La vie de Mme de Staël a bien des branches ; sa correspondance, si on l’avait au complet, en donnerait naturellement les divisions. On aurait une suite de chapitres : Mme de Staël et Benjamin Constant ; — Mme de Staël et Matthieu de Montmorency ; — Mme de Staël et Guillaume Schlegel ; — Mme de Staël et M. de Barante, etc., etc. Malheureusement nombre de ces séries ont été détruites.
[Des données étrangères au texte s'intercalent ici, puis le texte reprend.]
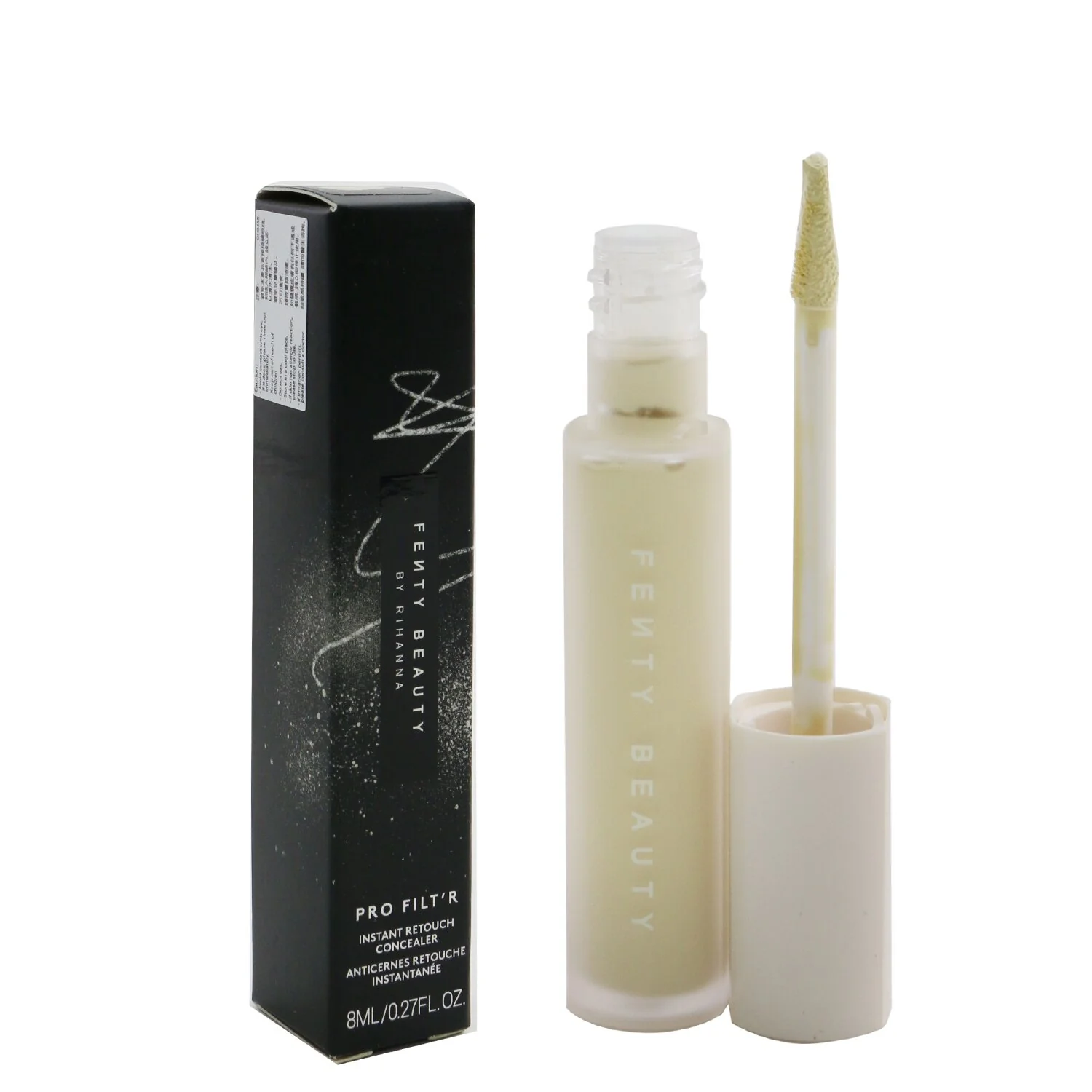 Fenty Beauty by Rihanna Pro Filt'R Instant Retouch Concealer - #220 (Light Medium With Warm Undertone)  8ml/0.27oz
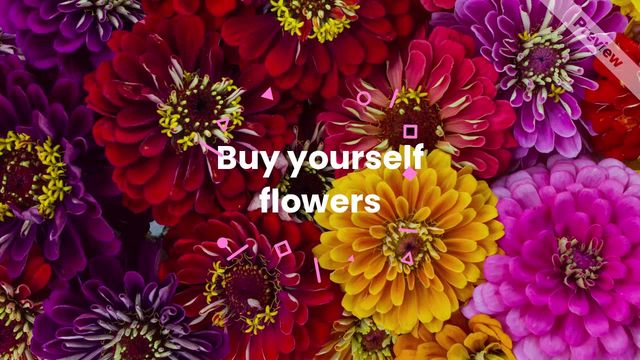 Just Because Day | Aug 27 Video Template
Une bienveillance toute particulière, une confiance dont je me sens honoré[1] me remet entre les mains une suite de lettres de cette femme illustre qui ont échappé au double désastre d’une ruine et d’un incendie. Ce sont des lettres et billets intimes, adressés par Mme de Staël à Camille Jordan, à cette âme affectueuse et sympathique, à cette âme chaleureusement oratoire qui s’était annoncée et révélée dans le conseil des cinq cents, et qui s’exhala en 1821 dans des accens d’éloquence déjà prophétiques, à l’heure où cette restauration qu’il aimait, mais qu’il avertissait, fit pour jamais fausse route et s’égara. Je profiterai de l’occasion inappréciable qui m’est offerte pour parler de Camille Jordan, pour

  1. Je dois cette communication à M. Arthur de Gravillon, petit-fils de Camille Jordan, qui, à la demande de mon ami M. R. de Chantelauze, a bien voulu rechercher, dans ses papiers de famille, tout ce qui pouvait m’intéresser. M. A. de Gravillon est lui-même un esprit cultivé, ami des lettres, digne héritier, par ce côté, de son aïeul maternel. Il est l’auteur de quelques écrits piquans qui ont eu un succès d’à-propos assez vif dans le monde lyonnais.